Essentially, mutual fund businesses of banks are categorised as ‘non-core’ businesses.
Earlier this year, the Securities and Exchange Board of India (Sebi) had raised the minimum net worth criteria of asset management companies from Rs 10 crore to Rs 50 crore.
Currently, four PSB-sponsored asset management companies have net worth of less than Rs 50 crore each. Sebi’s new net worth norms are likely to hit five PSBs — Punjab National Bank (PNB) and Vijaya Bank, the promoters of Principal Mutual Fund; Bank of India, which operates BOI AXA Mutual Fund; and IDBI Bank, which runs IDBI Mutual Fund.
Though Sebi has given AMCs three years to comply with the new norms, officials at PSBs say these entities have already approached RBI, seeking more clarity on the issue.
The finance ministry had asked PSBs to review their exposure towards non-core operations such as mutual fund and insurance. The move was aimed at conserving capital at a time when stricter Basel-III norms were to be implemented. Under the new norms, PSBs have to secure approvals before investing in any non-core business.

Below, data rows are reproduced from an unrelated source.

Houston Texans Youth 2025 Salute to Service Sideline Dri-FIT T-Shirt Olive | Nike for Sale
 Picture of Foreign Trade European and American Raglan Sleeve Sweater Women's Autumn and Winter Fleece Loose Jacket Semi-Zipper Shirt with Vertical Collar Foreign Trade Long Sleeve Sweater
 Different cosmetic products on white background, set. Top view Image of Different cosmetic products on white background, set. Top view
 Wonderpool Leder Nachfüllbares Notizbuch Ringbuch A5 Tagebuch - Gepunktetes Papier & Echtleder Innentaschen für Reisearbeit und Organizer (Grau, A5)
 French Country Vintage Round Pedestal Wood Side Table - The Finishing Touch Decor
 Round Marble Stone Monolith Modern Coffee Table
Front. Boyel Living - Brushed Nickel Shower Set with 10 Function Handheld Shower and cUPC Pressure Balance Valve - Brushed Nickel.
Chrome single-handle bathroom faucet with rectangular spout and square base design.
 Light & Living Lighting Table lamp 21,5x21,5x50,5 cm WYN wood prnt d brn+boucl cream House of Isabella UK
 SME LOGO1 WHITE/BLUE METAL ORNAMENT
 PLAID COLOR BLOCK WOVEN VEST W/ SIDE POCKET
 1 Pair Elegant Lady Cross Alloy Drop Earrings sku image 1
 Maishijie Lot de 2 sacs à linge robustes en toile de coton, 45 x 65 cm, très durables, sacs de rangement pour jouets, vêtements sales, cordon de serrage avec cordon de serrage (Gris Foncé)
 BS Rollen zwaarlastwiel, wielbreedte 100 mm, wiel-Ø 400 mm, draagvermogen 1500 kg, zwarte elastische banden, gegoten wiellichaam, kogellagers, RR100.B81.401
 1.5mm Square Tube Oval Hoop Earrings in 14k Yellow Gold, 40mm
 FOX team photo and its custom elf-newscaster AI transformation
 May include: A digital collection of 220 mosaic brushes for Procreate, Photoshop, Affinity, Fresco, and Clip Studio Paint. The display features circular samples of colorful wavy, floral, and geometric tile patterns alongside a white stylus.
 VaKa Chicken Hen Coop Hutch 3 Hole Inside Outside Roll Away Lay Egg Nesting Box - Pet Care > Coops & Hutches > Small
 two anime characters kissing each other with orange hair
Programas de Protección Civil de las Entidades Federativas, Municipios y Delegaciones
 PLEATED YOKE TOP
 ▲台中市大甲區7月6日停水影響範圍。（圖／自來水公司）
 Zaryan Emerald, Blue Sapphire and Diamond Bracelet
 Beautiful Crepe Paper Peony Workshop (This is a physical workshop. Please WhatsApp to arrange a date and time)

“RBI hasn’t prohibited us from investing in non-core businesses; it wants us to focus on core banking activities. We have kept the central bank in the loop and will take the necessary permissions when required,” said a senior official at IDBI Bank.
Sources said the additional capital to meet the net worth norm might have to come from banking sponsors, as most foreign partners were wary of committing more capital. A strict regulatory regime and no profitability have forced several foreign companies to exit the AMC business in India.
Some fund houses have also approached Sebi, asking it to review the higher net worth norm. The regulator had raised the net worth requirement to ensure only serious companies remained in the business. Of the 43 Sebi-registered AMCs, about 15 have net worth of less than Rs 50 crore.